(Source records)

───

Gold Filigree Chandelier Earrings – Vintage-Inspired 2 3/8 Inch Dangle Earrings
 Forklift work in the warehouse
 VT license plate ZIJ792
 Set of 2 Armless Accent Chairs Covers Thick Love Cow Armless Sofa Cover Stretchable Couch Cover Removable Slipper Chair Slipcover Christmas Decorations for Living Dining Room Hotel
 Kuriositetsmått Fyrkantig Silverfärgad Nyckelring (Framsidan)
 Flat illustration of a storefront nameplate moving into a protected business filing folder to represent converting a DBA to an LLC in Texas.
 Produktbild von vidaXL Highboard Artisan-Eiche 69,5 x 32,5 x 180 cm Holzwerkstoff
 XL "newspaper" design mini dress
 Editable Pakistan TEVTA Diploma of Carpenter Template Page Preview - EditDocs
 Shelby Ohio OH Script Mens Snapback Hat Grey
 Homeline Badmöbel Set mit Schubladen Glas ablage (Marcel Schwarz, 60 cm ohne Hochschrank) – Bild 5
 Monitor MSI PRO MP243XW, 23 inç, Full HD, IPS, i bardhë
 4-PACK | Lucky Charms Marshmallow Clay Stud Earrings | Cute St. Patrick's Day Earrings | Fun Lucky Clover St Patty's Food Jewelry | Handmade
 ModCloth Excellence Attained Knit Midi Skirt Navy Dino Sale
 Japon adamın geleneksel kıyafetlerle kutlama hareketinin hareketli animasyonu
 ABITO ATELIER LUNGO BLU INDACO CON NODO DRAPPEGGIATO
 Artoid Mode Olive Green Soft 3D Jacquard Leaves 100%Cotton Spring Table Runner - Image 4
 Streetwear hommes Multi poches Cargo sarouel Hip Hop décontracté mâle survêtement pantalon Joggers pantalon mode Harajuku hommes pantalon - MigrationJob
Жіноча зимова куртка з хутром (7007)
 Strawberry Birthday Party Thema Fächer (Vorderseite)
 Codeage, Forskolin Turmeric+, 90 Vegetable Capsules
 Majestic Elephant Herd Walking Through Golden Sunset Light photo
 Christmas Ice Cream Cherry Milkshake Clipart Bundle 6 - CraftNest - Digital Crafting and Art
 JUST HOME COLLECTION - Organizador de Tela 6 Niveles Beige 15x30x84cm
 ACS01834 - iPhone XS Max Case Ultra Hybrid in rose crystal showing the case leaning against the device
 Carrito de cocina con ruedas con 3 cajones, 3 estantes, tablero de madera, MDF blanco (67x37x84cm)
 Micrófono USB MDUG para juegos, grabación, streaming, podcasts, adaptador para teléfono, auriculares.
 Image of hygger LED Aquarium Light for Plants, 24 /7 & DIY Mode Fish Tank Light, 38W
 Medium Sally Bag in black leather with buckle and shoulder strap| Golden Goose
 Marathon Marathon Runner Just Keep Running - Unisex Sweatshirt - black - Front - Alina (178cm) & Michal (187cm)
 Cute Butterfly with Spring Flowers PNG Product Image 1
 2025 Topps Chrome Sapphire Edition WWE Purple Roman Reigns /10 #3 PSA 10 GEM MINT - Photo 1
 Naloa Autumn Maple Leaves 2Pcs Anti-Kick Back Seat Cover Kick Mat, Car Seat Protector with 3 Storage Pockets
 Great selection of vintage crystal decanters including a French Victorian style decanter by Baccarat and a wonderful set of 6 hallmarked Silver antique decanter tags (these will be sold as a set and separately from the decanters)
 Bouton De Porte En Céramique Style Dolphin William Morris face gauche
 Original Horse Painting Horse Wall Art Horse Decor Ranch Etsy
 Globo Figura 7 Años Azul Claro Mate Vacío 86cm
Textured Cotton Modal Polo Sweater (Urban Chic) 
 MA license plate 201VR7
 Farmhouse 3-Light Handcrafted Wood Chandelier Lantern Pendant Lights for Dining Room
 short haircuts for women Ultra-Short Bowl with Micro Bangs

───

[WHAT YOU HAVE TO DO]:
Please copy each line of the records above that holds the word "with".

[TASK SOLUTION]:
 Medium Sally Bag in black leather with buckle and shoulder strap| Golden Goose
 Cute Butterfly with Spring Flowers PNG Product Image 1
 Naloa Autumn Maple Leaves 2Pcs Anti-Kick Back Seat Cover Kick Mat, Car Seat Protector with 3 Storage Pockets
 short haircuts for women Ultra-Short Bowl with Micro Bangs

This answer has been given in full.